Im Amur verschwindet eine Insel nach der anderen unter dem Wasser. Dieses Schicksal ereilt gerade auch die Insel Heixiazi Dao. Ein Teil von ihr gehört zu China, ein anderer ist russisches Staatsgebiet. Beide Teile sind von der Stromversorgung abgeschnitten, fast alle Bewohner wurden evakuiert, nur ein paar Grenzsoldaten sind noch im Dienst. Einige Bezirke der chinesischen Provinz Heilongijang sind ebenfalls von Überschwemmungen extremen Ausmaßes betroffen. Die Fluten rissen bereits über 200 Menschen in den Tod. Auf russischer Seite sind bislang keine Todesopfer zu beklagen.

Die Evakuierung und Rettung der Flutopfer laufen auf Hochtouren. Der Ferne Osten wird jeden Tag von Transportflugzeugen angeflogen. Sie liefern mobile Krankenhäuser, Material zum Dammbau, Lebensmittel und Medikamente. Hunderte Tonnen Impfstoffe erreichten die Katastrophengebiete. Die Einwohner der betroffenen Regionen werden gegen Hepatitis A und Ruhr geimpft. 13 000 Helfer sind in den Flutgebieten im Einsatz.
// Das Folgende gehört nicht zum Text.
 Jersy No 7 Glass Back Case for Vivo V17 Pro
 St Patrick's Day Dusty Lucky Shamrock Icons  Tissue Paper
Sie wurden aus ganz Russland hierhergebracht.

Der Pegelstand übersteigt bisherige Höchstmarken mit Leichtigkeit

In der Hauptstadt des Fernen Ostens Chabarowsk bereitet man sich zurzeit noch auf das „große Wasser" vor. Beim bisher schlimmsten Hochwasser der Geschichte, das Ende des 19. Jahrhunderts verzeichnet wurde, erreichte das Wasser einen Pegelstand von 6,20 Meter. Derzeit nähert sich der Wasserstand bereits deutlich der Marke von sieben Metern - und das Wasser steigt weiter: Für die kommende Woche erwarten Experten gar einen Pegelstand von acht Metern.

Die Stadt, die sich über 50 Kilometer am Flussufer hinzieht, ist von Dämmen geschützt. Sie werden rund um die Uhr befestigt und aufgestockt. Auf der Uferpromenade errichten zudem Arbeiter, Soldaten und freiwillige Helfer mit Tausenden Sandsäcken einen weiteren Damm. Ein japanischer Unternehmer beteiligt sich am Dammbau und schleppt gemeinsam mit den Einwohnern von Chabarowsk Sandsäcke. „Ich bin hier auf einer Dienstreise", erklärt der Japaner. „Ich sehe, was dieser schönen Stadt droht, ich kann dem nicht tatenlos zusehen."

Der Fluss aber bricht durch, er tritt über den Sandsack-Damm, der gerade noch gebaut wird, manche Straßen von Chabarowsk sind von den Wellen schon überspült, das Wasser steht bereits vor einigen Häusern. Die ersten Evakuierungen haben begonnen.


Wird die natürliche Grenze zwischen China und Russland neu gezogen?

Was sich für die Bevölkerung als Katastrophe darstellt, ist für den Amur der normale Lauf der Dinge. „Was wir heute erleben, ist Teil des natürlichen Rhythmus des Amur, dem sich auch seine Niederung, das Flusstal und alles Leben in ihm angepasst haben", sagt Alexej Machinow, Geograf und stellvertretender wissenschaftlicher Leiter des Instituts für Hydrologie an der Russischen Akademie für Wissenschaften des Fernen Ostens.

„Solche großen Wassermassen verändern allerdings natürlich das Flussbett. Wenn das Wasser sich seinen Weg in die linken Arme des Flusses im Mittleren Amur bahnt, dann könnte das die Grenze zwischen Russland und China verschieben, denn diese folgt dem Wasserlauf", so der Wissenschaftler.